## TASK REQUIREMENTS
What the answer must hold is the line containing "120 Ninth Avenue, Rosebud VIC 3939" and all lines after it through the end of the listing, copied exactly, with pictures left out.

## SUPPLIED DATA
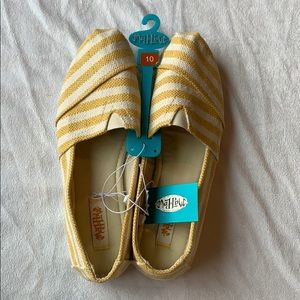 Women's Mad love Lydia Slip On Canvas Sneakers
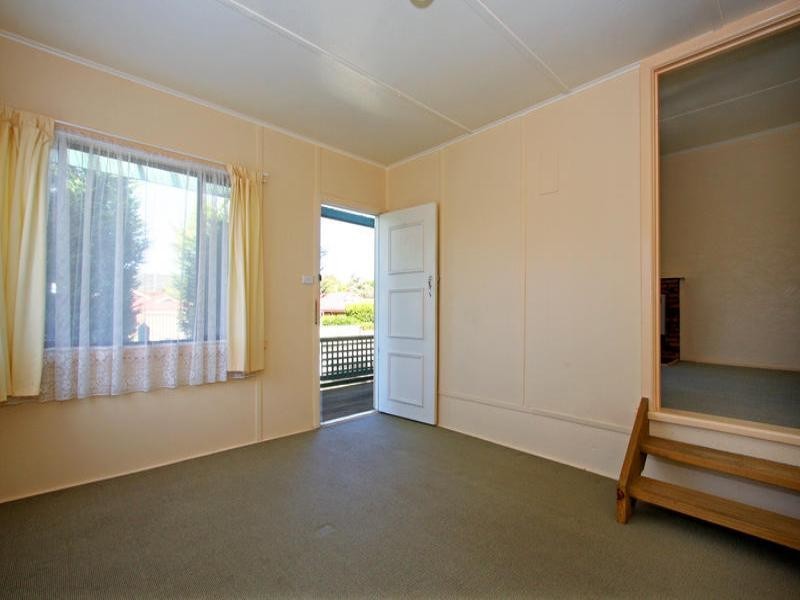 120 Ninth Avenue, Rosebud VIC 3939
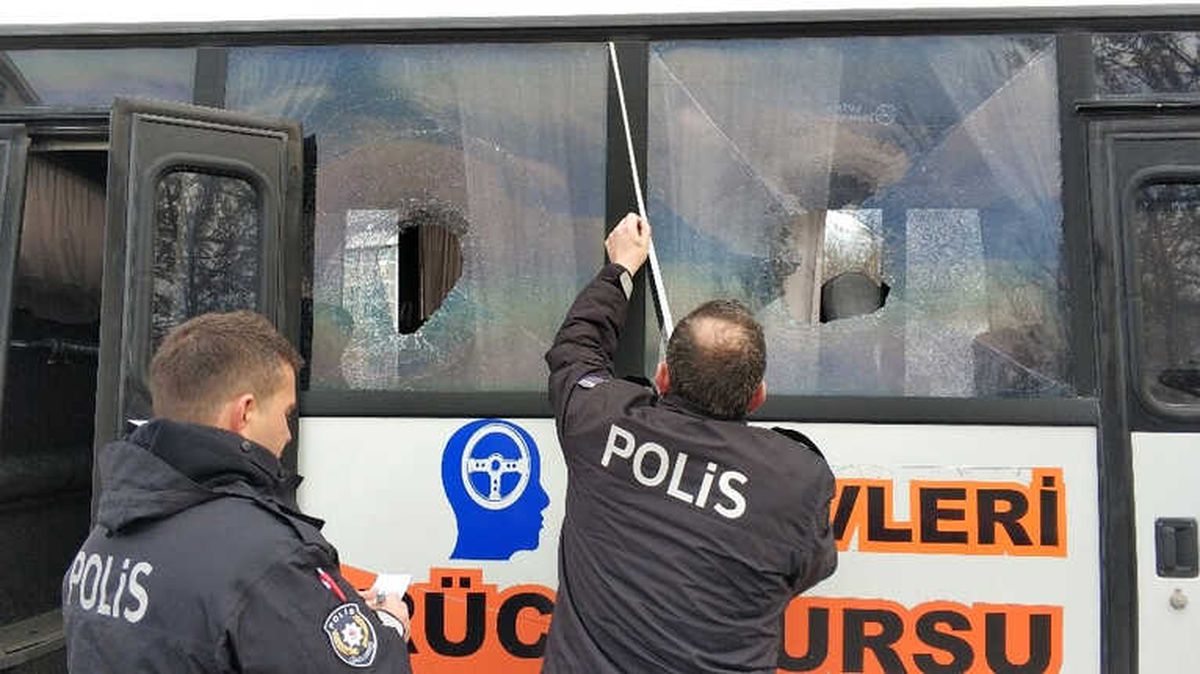 Park Halindeki Midibüsün 8 Camını Kırdılar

## FINAL ANSWER
 120 Ninth Avenue, Rosebud VIC 3939
 Park Halindeki Midibüsün 8 Camını Kırdılar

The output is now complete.